Relativity Media, producer of “The Social Network,” made a $1.1 billion offer for YouTube video supplier Maker Studios Inc., a person with knowledge of the matter said, countering Walt Disney Co.’s $950 million bid.
Relativity, the studio led by Ryan Kavanaugh, sent a letter to Maker Studios’ board today detailing its bid, said the person, who wasn’t authorized to speak publicly and requested anonymity. Terms include $525 million in cash and Relativity stock, $500 million more in cash and stock if performance targets are met, and $75 million in shares for key Maker executives, said the person,
The last-minute proposal may lead to a protracted battle for Maker, a supplier of video content to YouTube and one of the top online networks for young audiences. The deal is further complicated by a lawsuit filed by Danny Zappin, a former chief executive of Maker Studios, and three co-founders, who are trying to stop a shareholder vote set for tomorrow.

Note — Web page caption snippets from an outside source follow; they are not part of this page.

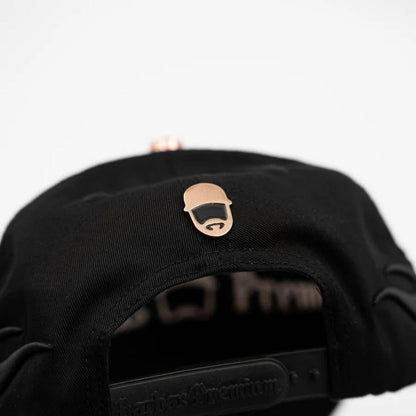 BARBAS HAT B STAR ROSE GOLD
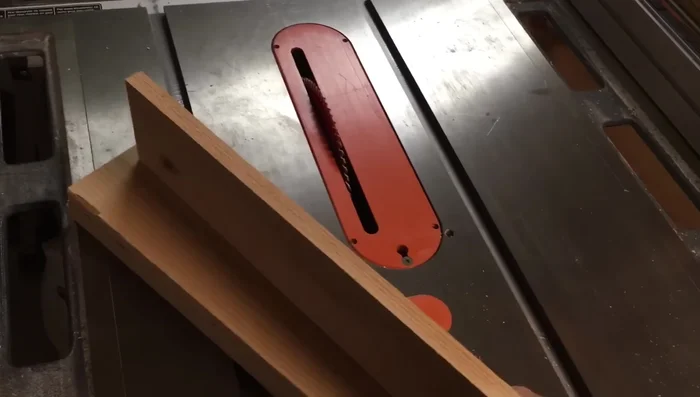 Square up the edges of all pieces.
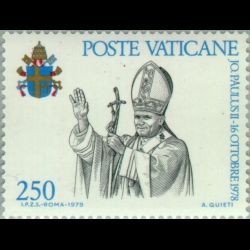 Timbre du Vatican n° 667 Neuf sans charnière 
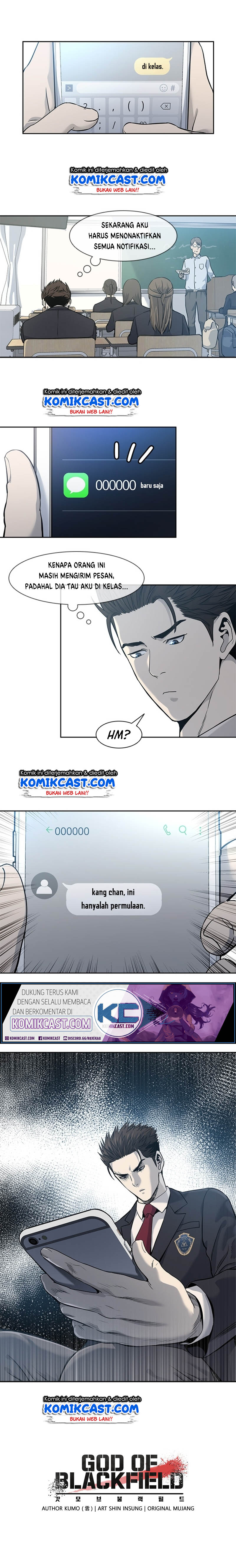 God of Blackfield Chap 38 - Next Chap 39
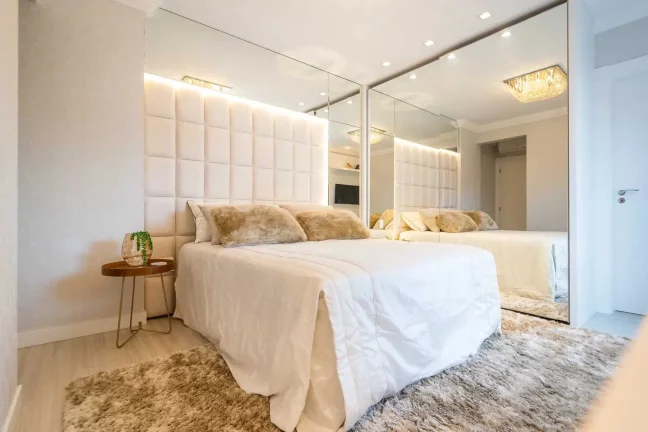 Imagem Apartamento mobiliado com 4 suítes e 3 vagas de garagem em Itapema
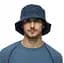 Панама Buff Trek Bucket Hat keled blue S/M Синій - мініатюра 3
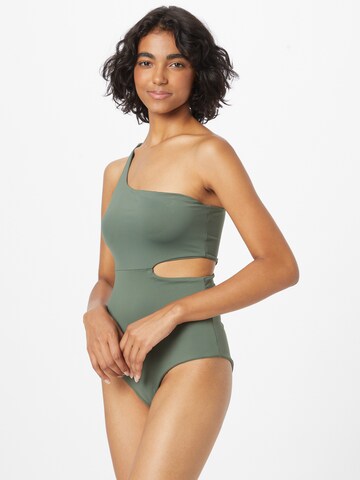 Maillot de bain KUUNO en vert : devant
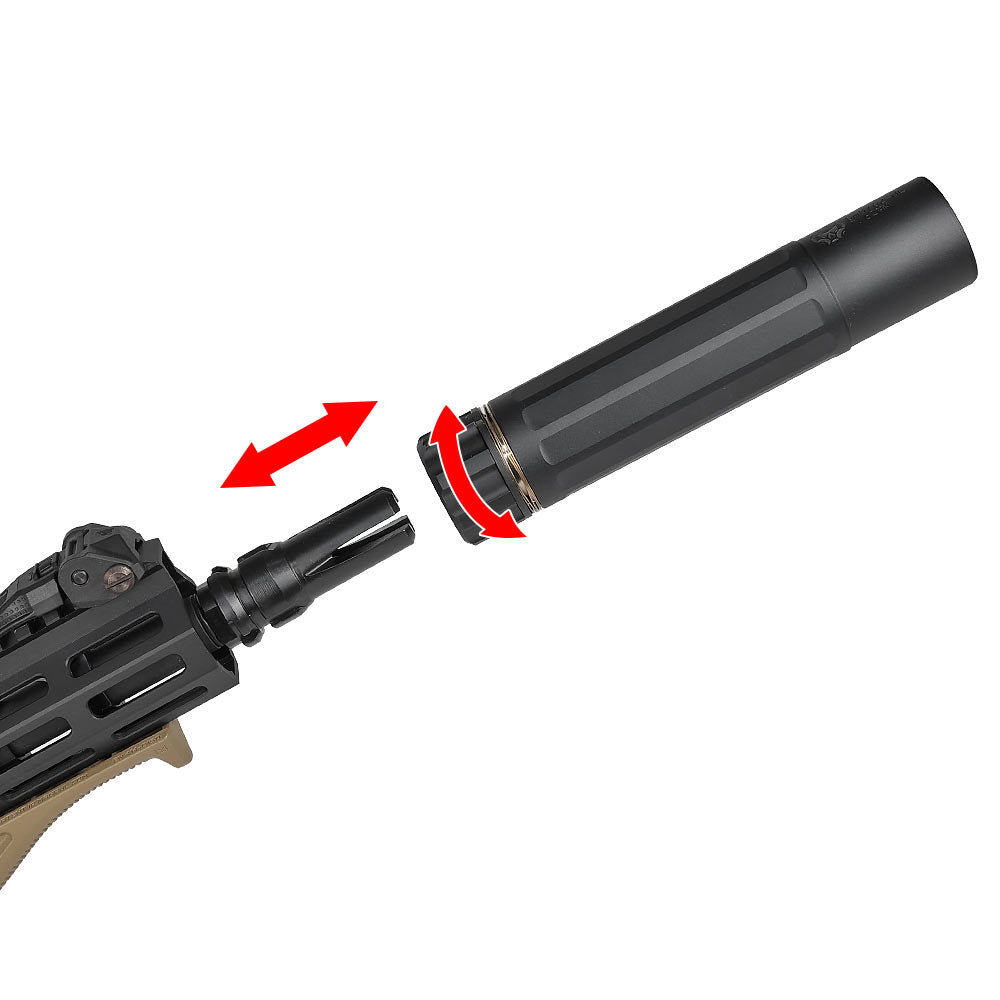 5KU 製 】Dead Airタイプ SANDMAN-S サイレンサー サプレッサー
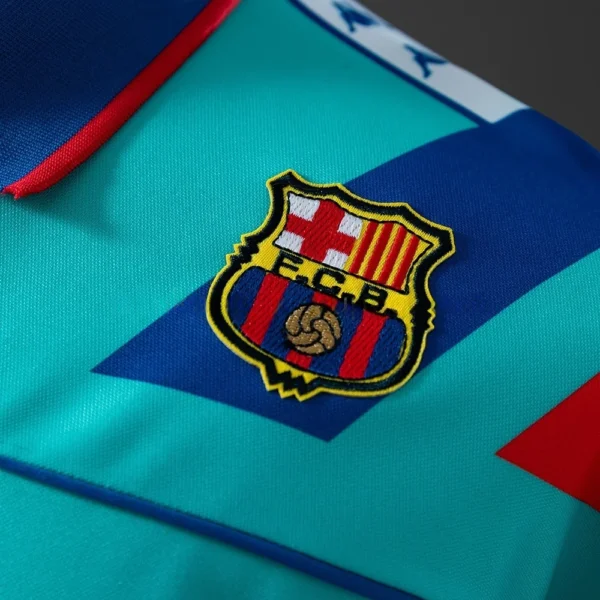 Retro 92/95 Barcelona Away S-XXL - Image 6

Relativity made an initial bid yesterday, offering as much as $1 billion, and amended it today, the person said. The Wall Street Journal reported on the proposal earlier today.
Dena Cook, a spokeswoman for Maker, declined to comment.
The offer includes a “substantial opportunity for Maker’s talent and employees to directly and significantly participate in the long-term growth of Relativity,” said David Shane, a spokesman for Relativity, which is based in Beverly Hills, California.
Disney, based in Burbank, California, agreed on March 24 to acquire Maker, a supplier of content for Google Inc.’s YouTube video-sharing site, for $500 million, plus as much as $450 million more if performance targets are met.
Maker has scheduled a vote on Disney’s offer for tomorrow. The company has more than 55,000 channels, 380 million subscribers and 5.5 billion views a month on YouTube, Disney said at time of its purchase announcement.
Zappin and three other co-founders of Maker asked a state court judge in Los Angeles to block the April 15 vote on the Disney offer, saying the notice to shareholders was misleading.
“Certain Maker directors illegally issued shares to themselves and diluted the common stock for their own financial gain to the detriment of other Maker shareholders and take control of Makers’ board so that they could rapidly create a liquidity event,” Zappin said in a filing last week.